» **Source material**:
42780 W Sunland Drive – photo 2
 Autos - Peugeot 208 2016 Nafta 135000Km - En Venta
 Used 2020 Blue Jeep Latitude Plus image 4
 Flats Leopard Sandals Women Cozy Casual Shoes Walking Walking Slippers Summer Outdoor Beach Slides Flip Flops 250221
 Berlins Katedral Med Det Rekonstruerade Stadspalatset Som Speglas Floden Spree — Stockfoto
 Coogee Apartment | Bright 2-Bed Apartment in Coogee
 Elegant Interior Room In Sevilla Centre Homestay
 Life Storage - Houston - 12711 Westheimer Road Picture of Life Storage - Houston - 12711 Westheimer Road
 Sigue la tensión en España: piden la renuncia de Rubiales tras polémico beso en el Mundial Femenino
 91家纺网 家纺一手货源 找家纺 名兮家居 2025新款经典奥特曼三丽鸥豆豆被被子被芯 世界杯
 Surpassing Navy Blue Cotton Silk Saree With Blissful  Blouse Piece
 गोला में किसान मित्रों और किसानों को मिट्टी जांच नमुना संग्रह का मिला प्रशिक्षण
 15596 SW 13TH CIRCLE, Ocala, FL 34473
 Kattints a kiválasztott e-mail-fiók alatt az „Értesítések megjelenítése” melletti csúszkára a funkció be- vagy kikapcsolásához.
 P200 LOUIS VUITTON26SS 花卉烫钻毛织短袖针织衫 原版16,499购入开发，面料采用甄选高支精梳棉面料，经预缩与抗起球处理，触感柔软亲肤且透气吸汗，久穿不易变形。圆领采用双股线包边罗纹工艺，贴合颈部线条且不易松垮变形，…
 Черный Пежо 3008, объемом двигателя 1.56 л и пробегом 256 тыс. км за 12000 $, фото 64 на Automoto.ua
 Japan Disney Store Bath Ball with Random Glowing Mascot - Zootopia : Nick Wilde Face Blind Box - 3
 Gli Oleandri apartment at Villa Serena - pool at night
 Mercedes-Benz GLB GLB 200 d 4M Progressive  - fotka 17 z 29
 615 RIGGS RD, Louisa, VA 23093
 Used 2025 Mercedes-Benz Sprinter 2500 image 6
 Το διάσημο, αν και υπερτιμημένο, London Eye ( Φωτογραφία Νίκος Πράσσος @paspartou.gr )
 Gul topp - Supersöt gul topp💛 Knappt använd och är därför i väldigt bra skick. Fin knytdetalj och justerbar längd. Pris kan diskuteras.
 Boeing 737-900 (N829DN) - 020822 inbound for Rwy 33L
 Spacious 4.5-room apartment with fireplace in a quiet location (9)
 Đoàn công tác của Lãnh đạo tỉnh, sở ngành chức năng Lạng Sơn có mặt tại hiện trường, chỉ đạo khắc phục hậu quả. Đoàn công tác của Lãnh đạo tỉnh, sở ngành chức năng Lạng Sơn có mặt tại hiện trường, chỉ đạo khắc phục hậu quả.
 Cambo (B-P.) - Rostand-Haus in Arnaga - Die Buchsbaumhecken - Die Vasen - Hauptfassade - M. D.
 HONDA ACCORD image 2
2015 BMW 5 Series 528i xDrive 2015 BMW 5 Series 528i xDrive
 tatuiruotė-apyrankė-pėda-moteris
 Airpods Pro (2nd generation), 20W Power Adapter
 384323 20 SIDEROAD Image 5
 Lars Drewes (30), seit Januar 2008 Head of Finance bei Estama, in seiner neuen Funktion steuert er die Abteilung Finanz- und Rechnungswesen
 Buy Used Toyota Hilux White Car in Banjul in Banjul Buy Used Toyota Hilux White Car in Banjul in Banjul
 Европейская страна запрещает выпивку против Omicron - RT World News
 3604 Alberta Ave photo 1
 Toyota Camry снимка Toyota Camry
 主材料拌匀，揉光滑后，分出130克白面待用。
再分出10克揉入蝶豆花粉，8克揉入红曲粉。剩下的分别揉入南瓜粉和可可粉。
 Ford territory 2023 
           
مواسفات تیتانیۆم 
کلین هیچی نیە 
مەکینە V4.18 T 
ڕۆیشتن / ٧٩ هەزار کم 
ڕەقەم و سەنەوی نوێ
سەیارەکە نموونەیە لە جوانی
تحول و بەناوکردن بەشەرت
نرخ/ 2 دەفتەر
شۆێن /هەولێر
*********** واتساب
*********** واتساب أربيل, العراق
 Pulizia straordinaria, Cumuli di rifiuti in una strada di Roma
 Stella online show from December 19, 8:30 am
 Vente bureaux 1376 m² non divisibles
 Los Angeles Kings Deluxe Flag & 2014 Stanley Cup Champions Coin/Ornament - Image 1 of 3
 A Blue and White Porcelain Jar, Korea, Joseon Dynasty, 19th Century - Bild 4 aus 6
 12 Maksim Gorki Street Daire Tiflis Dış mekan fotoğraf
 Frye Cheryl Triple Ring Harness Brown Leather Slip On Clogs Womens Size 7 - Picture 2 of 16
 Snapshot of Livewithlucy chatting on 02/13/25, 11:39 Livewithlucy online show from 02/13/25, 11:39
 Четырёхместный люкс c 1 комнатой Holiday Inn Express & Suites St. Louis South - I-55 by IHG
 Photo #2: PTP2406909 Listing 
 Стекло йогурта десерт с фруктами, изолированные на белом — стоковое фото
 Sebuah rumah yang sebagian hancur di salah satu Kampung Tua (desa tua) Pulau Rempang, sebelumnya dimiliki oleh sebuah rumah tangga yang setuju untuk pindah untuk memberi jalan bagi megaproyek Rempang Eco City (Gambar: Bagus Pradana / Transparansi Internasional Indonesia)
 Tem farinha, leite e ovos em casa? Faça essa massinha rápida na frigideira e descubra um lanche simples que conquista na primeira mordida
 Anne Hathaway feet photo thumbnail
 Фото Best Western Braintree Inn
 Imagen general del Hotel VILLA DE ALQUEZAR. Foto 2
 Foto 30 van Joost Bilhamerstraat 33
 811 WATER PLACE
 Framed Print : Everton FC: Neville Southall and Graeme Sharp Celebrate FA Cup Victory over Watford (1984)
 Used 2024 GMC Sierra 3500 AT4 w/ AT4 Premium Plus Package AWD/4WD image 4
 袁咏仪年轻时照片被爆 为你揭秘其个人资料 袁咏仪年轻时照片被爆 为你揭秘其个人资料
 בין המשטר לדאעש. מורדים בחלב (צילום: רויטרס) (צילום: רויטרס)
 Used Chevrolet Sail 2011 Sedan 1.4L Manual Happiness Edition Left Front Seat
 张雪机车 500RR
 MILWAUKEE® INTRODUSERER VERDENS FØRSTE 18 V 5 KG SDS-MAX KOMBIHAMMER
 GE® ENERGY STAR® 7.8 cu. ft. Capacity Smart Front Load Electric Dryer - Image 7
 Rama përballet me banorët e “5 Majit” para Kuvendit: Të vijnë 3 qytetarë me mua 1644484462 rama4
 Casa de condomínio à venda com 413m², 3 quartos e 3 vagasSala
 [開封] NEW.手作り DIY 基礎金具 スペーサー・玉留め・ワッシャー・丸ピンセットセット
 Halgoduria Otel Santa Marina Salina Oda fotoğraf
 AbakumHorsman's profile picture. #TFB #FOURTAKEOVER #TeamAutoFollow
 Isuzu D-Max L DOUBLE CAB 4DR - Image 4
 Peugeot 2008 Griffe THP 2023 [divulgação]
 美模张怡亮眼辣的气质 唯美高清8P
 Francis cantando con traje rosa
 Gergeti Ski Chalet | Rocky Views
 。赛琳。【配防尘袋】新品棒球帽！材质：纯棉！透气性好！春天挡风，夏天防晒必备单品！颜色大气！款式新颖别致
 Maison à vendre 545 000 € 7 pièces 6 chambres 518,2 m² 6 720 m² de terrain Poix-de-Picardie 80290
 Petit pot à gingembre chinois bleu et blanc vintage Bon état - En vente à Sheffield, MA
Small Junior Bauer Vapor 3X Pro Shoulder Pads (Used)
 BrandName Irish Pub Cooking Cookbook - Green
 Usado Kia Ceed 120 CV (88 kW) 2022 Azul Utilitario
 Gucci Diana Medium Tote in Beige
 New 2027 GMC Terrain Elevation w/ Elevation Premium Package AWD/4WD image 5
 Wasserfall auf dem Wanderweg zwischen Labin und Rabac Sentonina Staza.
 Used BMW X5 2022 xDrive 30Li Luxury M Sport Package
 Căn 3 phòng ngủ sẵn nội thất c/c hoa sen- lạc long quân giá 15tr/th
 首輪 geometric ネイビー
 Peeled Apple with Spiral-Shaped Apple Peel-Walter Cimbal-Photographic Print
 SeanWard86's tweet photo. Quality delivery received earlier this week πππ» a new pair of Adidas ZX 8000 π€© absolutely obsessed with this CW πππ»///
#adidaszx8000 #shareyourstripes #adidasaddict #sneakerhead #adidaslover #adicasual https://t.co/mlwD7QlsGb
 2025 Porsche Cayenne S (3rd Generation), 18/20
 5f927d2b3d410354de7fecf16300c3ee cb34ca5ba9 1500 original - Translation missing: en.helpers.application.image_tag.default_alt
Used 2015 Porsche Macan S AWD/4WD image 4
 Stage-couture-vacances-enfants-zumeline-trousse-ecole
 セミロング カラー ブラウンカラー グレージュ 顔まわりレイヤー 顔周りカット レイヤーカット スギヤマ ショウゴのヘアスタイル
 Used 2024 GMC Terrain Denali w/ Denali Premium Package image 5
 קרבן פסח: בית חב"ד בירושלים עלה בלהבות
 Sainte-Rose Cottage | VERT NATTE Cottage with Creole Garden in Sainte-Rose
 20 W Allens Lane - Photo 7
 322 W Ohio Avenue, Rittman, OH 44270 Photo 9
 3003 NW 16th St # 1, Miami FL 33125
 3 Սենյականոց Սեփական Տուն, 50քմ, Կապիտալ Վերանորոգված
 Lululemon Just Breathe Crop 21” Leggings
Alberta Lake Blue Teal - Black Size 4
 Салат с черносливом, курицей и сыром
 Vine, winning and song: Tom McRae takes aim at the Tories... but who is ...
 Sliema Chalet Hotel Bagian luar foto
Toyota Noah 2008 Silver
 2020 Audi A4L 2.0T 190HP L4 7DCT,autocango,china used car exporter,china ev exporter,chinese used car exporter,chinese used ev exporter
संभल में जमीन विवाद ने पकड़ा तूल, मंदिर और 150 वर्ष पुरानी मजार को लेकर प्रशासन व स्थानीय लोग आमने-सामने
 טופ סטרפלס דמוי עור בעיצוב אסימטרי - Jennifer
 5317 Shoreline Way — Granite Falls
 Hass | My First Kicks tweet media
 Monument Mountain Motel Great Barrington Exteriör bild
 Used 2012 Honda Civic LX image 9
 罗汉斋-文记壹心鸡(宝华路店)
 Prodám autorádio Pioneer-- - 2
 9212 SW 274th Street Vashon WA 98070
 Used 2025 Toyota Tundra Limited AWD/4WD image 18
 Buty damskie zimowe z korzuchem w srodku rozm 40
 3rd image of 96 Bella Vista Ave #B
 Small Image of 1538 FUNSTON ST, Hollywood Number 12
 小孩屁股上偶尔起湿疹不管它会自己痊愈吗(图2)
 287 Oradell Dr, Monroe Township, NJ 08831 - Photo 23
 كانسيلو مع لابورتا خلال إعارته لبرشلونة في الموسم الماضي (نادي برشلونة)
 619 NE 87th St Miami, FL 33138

» **What you are asked to do**:
From the start of the data to the line that holds "Life Storage - Houston - 12711 Westheimer Road Picture", retype each line exactly, with both ends included.

» **Solution for this task**:
42780 W Sunland Drive – photo 2
 Autos - Peugeot 208 2016 Nafta 135000Km - En Venta
 Used 2020 Blue Jeep Latitude Plus image 4
 Flats Leopard Sandals Women Cozy Casual Shoes Walking Walking Slippers Summer Outdoor Beach Slides Flip Flops 250221
 Berlins Katedral Med Det Rekonstruerade Stadspalatset Som Speglas Floden Spree — Stockfoto
 Coogee Apartment | Bright 2-Bed Apartment in Coogee
 Elegant Interior Room In Sevilla Centre Homestay
 Life Storage - Houston - 12711 Westheimer Road Picture of Life Storage - Houston - 12711 Westheimer Road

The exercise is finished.